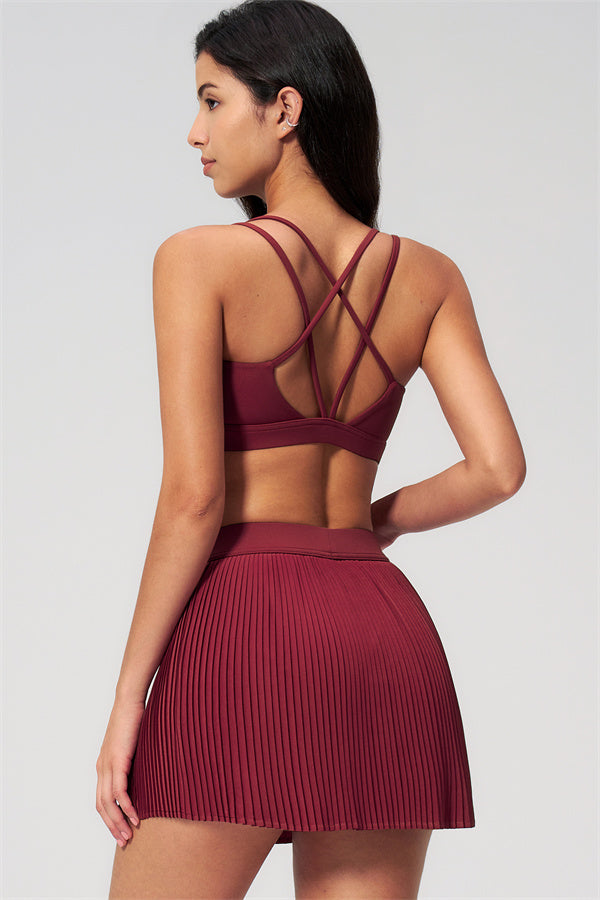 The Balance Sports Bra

--

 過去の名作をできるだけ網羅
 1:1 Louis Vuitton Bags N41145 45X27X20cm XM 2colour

==

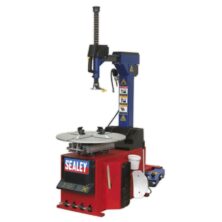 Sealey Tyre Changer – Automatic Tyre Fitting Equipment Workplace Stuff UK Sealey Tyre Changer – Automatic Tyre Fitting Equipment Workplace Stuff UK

What you will do » Could you reproduce, exactly, every line above from the line with "過去の名作をできるだけ網羅" to the line with "1:1 Louis Vuitton", and no other line? Both ends count.

Solution to this exercise »
 過去の名作をできるだけ網羅
 1:1 Louis Vuitton Bags N41145 45X27X20cm XM 2colour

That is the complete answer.